### DIRECTIONS
Every entry that follows should be repeated exactly; drop the images.
(Beginning of INPUT DATA)
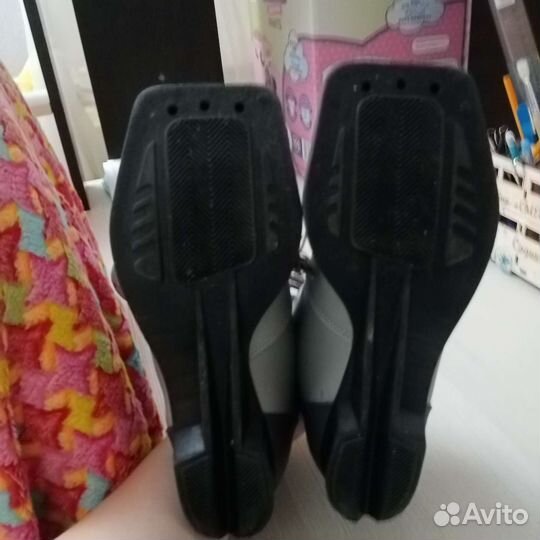 Лыжные ботинки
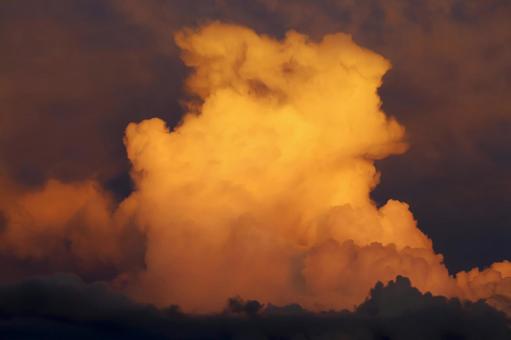 西日があたる雲  西日があたる雲 の写真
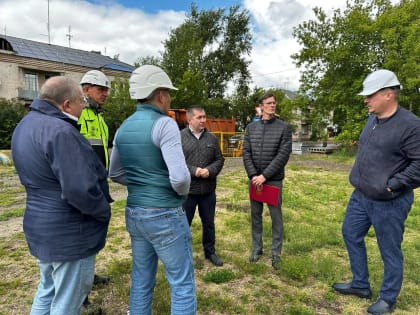 Депутат ЗСО Денис Сазонтов посетил объекты благоустройства в поселке Вахрушево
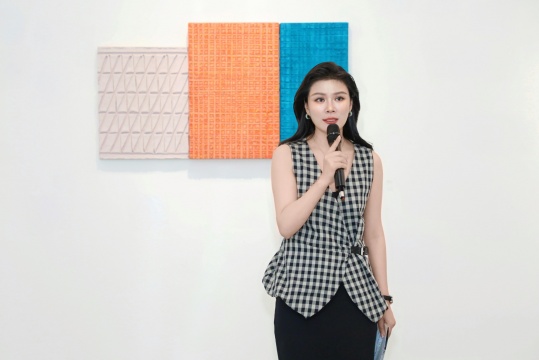 格物致知 肌理观城，赵一峰北京首展「格物」登陆798亘画廊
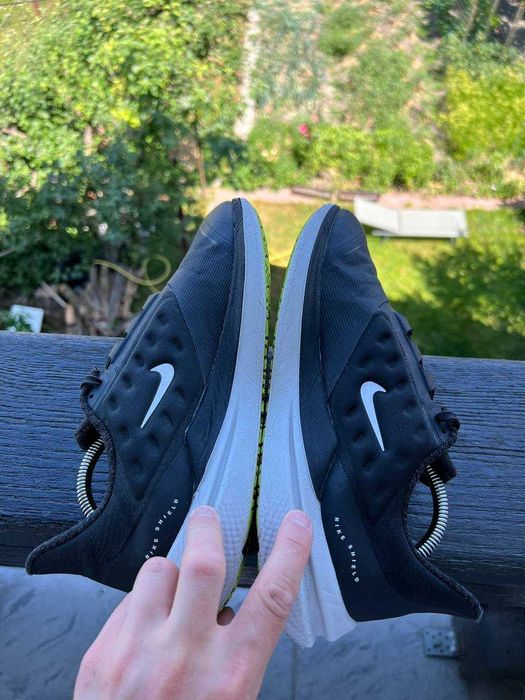 Кросівки Nike Air Winflo 9 Shield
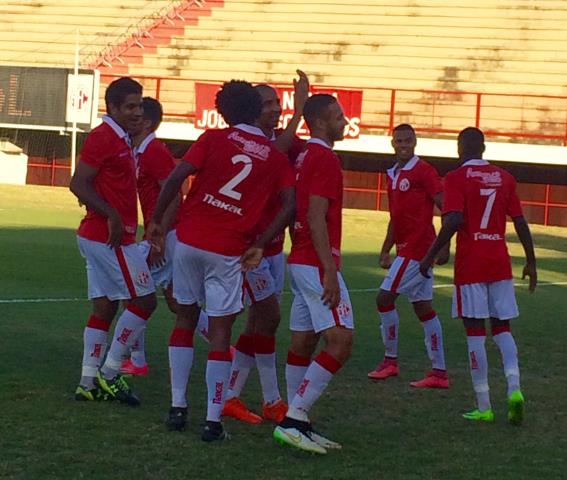 America vence e retorna à liderança do Grupo A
(End of INPUT DATA)
### RESPONSE BOX
 Лыжные ботинки
 西日があたる雲  西日があたる雲 の写真
 Депутат ЗСО Денис Сазонтов посетил объекты благоустройства в поселке Вахрушево
 格物致知 肌理观城，赵一峰北京首展「格物」登陆798亘画廊
 Кросівки Nike Air Winflo 9 Shield
 America vence e retorna à liderança do Grupo A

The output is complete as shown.